The music of Taiwan reflects the diverse culture of Taiwanese people. Taiwan has undergone several economic, social, and political changes through its cultural history, and Taiwanese music reflects those issues in its way. The music of the country has adopted a mixed style. As a country rich in Chinese folk culture and with many indigenous tribes with their own distinct artistic identity, various folk music styles are appreciated in Taiwan. In addition, people in Taiwan highly appreciate various style of Western classical music and pop music. Taiwan is a major Mandopop hub.

Background
The Kuomintang-led Republic of China government arrived in Taiwan in 1949, a government that suppressed native Taiwanese culture and implemented Standard Chinese (Mandarin) as the official language.
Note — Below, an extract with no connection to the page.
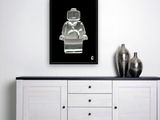 a black and white photograph of a lego man on a black background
This political event has significant effects on the development of music in Taiwan in the 20th century as it resulted in a gap in the transition of the traditional music culture. In 1987, a revival of traditional culture began when the martial law declared by the government was lifted. (See Taiwanese localization movement.)

Instrumental music includes multiple genres, such as beiguan and nanguan. Nanguan originally hails from Quanzhou, while it is now most common in Lukang and is found across much of the island.

Taiwanese puppetry (hand-puppet theater) and Taiwanese opera, two genres of spectacle that are strongly related to music, are very popular, while the latter is often considered the only truly indigenous Han form of music still extant today.

Holo folk music is most common today on the Hengchun Peninsula in the southernmost part of the island, where performers sing accompanied by yueqin (moon lute), which is a type of two-stringed lute.  While the Hengchun yueqin plays only five tones, the pentatonic music can become diverse and complex when combined with the seven tones of Taiwanese Hokkien.  Famous folk singers include Chen Da and Yang Hsiuching.

Genres

Hakka
Taiwanese opera is popular among the Hakka, and has influenced the tea-picking opera genre.  The most distinctive form of Hakka music are mountain songs, or shan'ge, which are similar to Hengchun folk music. Bayin instrumental music is also popular.

Aboriginal music

Of the two broad divisions of Taiwanese aborigines, the plains-dwellers have been largely assimilated into Han culture, while the mountain-dwelling tribes remain distinct. The Amis, Bunun, Paiwan, Rukai and Tsou are known for their polyphonic vocals, of which each has a unique variety.

Once dying, aboriginal culture has undergone a renaissance since the late 20th century.  A full-time aboriginal radio station, "Ho-hi-yan" was launched in 2005 with the help of the Executive Yuan, to focus on issues of interest to the indigenous community. [Listen to Ho-hi-yan; requires Windows Media Player 9]. This came on the heels of a  "New wave of Indigenous Pop," as aboriginal artists such as A-mei (Puyuma tribe), Difang (Amis tribe), Pur-dur and Samingad (Puyuma) became international pop stars. Later artists include Paiwanese pop star Abao.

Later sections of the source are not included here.